# Router Table/Cabinet Design



## StuffByThom (Aug 28, 2014)

I am in the process of designing a router table and cabinet for my shop. I've researched the tables & cabinets available for purchase. You could easily spend $700+ and get no storage at all. I really like the Kreg table with the fence, but the price makes it tempting to build my own. The Rockler Basic is a joke. The upgraded Rocklers are just as pricey as the Kreg. I really need the storage for bits, jigs, and other routers.

At first I thought that a 36" x 18" top would be good, as it is about the size of the commercial tops out there. But then I thought if I'm going to build this I should make it as big as I want so I went 48" x 24". Is that too big? As far as height I started out at 36", but now I'm thinking about going to 42" Is that too tall?

I know that these are personal preference, but just wanted to see what the consensuses is out there as to what works and what doesn't.


----------



## GrandpaLen (Mar 6, 2012)

Welcome to the LumberJocks community.

May I suggest that you build your own. It's not that difficult, it's a Skill Builder and you can build it to suit your needs.

My Table Saw surface is 37" high and I built my Router Table 36 3/4" high to serve as an out-feed table and is equipped with 4, 3" double locking swivel castors .
The table top is a 3/4" Melamine 49"x72" (cut from a full sheet 49"x97") and is the top surface of a torsion box which is 3" thick. It is set up to house 2 routers, in-line, along one side with 'Bull Dog' combination T-Slot / Miter Slot hardware, both locations are plumbed for dust collection below the table and at the fences. 
This table also serves as an assembly table. 
Melamine is a great surface for glue-ups as the glue pops off clean, after it dries.
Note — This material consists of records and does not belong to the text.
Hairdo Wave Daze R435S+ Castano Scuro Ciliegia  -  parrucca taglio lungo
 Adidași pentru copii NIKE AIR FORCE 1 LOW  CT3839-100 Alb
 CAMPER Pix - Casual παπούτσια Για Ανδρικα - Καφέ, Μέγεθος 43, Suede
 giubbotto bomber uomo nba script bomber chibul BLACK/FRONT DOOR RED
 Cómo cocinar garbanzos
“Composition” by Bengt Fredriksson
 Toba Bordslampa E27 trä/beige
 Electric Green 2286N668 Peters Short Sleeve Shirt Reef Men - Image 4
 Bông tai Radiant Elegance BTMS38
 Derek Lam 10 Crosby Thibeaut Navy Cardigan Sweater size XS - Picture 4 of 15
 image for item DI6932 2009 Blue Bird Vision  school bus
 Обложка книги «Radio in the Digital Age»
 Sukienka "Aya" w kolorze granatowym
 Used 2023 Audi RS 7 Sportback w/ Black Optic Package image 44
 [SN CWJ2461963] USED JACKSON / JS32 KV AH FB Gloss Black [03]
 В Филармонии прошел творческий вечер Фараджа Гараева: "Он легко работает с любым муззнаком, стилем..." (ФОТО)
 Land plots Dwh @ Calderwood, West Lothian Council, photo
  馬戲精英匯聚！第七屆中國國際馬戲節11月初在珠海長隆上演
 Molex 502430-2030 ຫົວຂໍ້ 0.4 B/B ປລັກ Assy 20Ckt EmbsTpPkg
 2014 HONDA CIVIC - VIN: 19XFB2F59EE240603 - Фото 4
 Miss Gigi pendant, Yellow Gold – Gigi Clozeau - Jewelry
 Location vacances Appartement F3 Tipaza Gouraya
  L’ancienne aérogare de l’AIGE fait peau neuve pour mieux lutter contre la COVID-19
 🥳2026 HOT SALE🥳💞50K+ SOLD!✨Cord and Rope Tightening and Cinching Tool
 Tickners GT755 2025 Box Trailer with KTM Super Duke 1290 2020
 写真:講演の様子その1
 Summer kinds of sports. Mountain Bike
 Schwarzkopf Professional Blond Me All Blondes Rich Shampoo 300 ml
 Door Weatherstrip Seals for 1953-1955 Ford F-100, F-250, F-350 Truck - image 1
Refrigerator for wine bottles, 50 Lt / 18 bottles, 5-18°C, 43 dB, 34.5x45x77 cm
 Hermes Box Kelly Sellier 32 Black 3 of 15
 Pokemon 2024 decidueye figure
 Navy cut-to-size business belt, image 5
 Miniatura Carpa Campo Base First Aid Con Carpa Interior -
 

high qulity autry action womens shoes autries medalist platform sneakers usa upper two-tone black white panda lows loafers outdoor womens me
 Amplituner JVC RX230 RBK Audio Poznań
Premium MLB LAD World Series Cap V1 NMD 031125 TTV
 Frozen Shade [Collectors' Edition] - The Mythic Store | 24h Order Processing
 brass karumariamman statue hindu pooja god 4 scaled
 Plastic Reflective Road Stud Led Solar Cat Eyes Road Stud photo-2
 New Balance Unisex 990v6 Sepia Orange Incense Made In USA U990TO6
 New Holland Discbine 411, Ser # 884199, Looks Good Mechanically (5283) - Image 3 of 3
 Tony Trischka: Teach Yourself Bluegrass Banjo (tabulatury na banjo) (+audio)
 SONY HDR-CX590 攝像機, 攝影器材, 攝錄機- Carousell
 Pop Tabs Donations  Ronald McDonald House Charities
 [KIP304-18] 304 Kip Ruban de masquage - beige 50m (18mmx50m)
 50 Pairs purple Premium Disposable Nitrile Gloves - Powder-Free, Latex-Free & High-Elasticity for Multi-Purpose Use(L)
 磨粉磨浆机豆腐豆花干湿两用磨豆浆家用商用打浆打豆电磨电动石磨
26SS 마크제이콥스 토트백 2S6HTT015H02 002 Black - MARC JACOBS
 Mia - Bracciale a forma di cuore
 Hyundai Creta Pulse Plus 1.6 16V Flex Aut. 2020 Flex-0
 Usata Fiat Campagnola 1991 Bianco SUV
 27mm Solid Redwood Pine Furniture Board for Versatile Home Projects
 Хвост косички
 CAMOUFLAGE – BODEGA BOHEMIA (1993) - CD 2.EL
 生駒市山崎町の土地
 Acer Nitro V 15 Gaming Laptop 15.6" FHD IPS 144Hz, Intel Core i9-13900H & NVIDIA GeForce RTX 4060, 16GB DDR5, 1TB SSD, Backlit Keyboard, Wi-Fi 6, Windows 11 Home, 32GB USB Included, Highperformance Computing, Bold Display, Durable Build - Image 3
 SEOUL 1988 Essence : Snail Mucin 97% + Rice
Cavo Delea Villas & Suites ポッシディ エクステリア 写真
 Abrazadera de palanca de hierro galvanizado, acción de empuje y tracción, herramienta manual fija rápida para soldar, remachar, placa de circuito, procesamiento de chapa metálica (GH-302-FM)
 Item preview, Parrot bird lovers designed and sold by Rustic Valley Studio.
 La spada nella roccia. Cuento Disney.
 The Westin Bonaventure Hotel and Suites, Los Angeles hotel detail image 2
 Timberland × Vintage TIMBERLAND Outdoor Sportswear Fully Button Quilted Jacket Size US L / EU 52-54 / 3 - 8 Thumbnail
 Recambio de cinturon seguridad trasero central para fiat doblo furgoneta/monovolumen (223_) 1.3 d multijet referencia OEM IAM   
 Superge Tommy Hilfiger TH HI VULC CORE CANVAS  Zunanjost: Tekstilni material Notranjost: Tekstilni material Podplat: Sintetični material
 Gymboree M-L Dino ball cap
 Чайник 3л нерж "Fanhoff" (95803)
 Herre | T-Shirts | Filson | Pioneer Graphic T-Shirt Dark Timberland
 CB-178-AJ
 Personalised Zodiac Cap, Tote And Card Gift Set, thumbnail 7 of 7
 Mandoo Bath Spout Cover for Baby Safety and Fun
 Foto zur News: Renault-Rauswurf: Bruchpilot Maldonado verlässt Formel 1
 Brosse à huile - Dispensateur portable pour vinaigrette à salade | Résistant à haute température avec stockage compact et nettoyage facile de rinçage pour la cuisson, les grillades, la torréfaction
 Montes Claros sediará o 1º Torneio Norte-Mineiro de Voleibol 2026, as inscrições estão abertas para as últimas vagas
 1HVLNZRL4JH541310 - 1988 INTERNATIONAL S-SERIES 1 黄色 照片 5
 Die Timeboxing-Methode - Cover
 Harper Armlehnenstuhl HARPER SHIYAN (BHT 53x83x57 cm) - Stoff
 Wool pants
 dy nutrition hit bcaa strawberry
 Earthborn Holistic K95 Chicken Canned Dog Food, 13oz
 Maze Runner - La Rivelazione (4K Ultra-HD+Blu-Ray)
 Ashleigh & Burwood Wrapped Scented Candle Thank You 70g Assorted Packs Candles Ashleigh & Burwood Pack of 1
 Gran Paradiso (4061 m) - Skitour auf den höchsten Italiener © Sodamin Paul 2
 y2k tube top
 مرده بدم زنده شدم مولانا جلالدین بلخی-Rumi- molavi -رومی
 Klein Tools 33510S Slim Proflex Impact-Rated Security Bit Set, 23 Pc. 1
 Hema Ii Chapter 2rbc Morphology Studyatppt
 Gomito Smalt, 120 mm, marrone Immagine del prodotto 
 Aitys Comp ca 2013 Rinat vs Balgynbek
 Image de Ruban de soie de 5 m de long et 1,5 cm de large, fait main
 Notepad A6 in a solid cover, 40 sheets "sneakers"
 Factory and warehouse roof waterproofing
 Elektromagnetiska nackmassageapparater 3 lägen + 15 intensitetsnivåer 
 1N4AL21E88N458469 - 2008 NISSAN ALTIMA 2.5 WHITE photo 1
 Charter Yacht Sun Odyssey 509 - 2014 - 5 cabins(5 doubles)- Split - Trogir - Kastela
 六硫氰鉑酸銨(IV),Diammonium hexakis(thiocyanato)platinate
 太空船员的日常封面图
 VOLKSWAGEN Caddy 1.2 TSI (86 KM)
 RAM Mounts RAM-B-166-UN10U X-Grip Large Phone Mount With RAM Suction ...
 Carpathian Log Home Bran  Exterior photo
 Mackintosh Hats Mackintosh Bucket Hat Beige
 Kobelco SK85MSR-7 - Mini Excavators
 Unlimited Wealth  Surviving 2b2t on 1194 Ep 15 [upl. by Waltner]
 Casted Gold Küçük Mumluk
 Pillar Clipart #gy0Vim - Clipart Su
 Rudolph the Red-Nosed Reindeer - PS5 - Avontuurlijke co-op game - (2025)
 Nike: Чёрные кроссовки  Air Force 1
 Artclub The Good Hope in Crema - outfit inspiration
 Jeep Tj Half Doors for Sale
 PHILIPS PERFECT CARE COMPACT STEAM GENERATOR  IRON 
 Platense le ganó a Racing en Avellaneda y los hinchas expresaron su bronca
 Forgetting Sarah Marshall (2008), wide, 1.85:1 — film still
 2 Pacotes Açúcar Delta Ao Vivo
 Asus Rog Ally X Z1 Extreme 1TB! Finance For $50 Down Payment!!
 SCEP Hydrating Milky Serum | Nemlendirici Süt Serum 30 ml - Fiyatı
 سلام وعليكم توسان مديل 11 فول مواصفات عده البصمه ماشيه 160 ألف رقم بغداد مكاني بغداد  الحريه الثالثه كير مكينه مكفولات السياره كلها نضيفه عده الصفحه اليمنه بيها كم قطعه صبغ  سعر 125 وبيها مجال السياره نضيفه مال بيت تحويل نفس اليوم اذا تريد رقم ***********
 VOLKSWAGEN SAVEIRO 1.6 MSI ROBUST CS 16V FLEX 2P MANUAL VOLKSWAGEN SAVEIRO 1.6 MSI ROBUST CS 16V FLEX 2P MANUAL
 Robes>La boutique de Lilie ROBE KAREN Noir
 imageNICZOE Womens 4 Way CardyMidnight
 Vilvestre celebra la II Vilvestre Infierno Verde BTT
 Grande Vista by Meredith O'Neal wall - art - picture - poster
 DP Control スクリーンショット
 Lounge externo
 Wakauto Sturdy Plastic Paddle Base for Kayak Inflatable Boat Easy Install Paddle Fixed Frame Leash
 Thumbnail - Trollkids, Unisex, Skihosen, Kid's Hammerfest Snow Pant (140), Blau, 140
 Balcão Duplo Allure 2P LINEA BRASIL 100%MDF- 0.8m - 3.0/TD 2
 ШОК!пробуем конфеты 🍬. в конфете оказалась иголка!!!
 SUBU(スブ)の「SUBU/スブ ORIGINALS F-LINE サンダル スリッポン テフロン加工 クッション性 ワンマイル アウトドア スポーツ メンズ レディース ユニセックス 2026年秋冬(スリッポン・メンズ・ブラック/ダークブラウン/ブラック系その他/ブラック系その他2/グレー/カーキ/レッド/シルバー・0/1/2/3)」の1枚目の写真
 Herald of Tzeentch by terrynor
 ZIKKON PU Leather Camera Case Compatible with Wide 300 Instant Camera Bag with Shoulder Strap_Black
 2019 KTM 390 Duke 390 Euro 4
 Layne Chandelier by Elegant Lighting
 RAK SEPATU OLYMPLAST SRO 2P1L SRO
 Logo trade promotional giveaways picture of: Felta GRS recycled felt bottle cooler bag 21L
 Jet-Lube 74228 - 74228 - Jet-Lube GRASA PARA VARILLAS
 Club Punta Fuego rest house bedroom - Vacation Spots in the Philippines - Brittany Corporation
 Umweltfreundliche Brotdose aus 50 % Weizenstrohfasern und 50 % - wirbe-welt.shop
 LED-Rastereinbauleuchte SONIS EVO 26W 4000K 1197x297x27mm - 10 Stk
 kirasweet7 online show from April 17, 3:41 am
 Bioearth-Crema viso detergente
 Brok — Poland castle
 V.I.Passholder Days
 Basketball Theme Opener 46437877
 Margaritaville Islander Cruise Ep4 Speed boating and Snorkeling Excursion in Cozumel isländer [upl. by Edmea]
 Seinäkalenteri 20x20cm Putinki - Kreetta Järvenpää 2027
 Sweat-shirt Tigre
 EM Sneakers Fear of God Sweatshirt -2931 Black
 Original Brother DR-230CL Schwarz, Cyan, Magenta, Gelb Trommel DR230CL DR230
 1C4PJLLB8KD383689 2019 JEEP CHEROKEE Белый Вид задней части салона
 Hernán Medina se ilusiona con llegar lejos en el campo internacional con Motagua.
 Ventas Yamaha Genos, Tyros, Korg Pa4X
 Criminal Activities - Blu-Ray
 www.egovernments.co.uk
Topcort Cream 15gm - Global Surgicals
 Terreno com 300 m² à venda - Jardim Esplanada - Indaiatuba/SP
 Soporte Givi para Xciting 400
I am now planning to add Rockler's 5/16th inch T-Track to the opposite side for their T-Track quick clamps.

My shop is 24'x24' and this combo of TS and RT, with ceiling outlets, is the central anchor of the shop, but remains Mobile if need be.

Stretch your skills and build your own.

Best Regards. - Grandpa Len
Work Safely and have Fun.


----------



## timbertailor (Jul 2, 2014)

I agree with Len. I would build my own. It is a piece of shop equipment. If you mess up, no one will know but you. Better to learn on a piece of furniture for the garage, then something for the house or a friend.

Lots of great designs published on this site. Just do a search for router table\station.

Here is a link to my router station f you would like some ideas. Lots of storage.

Mine also doubles as an assembly table, to save valuable space I do not have.

Good Luck and keep us posted.


----------



## MT_Stringer (Jul 21, 2009)

I agree with the others. Build your own. that is what I did…and it is working great. It has done everything I hoped for including a work table, outfeed table, clamping table, assembly table, and a dual router table.

By the way, the highest I can raise it is 39 inches. Perfect for routing for me.
check it out. Maybe you will get some inspiration for yours.

Adjustable height work table


----------



## tomclark (Feb 16, 2010)

My table is now 30 years old. Would make no changes if I was making it again today. It has worked very well.








The flip top makes bit changes very simple and fast.








The tall fence has been very handy.








No matter how big your shop is, you should make every square inch useable. Empty space under tools is a joke.
For dust collection I use a old shop vac. The hose is hooked to the back of the cabinet under the router.


----------



## MT_Stringer (Jul 21, 2009)

@Tom - I like that fence.


----------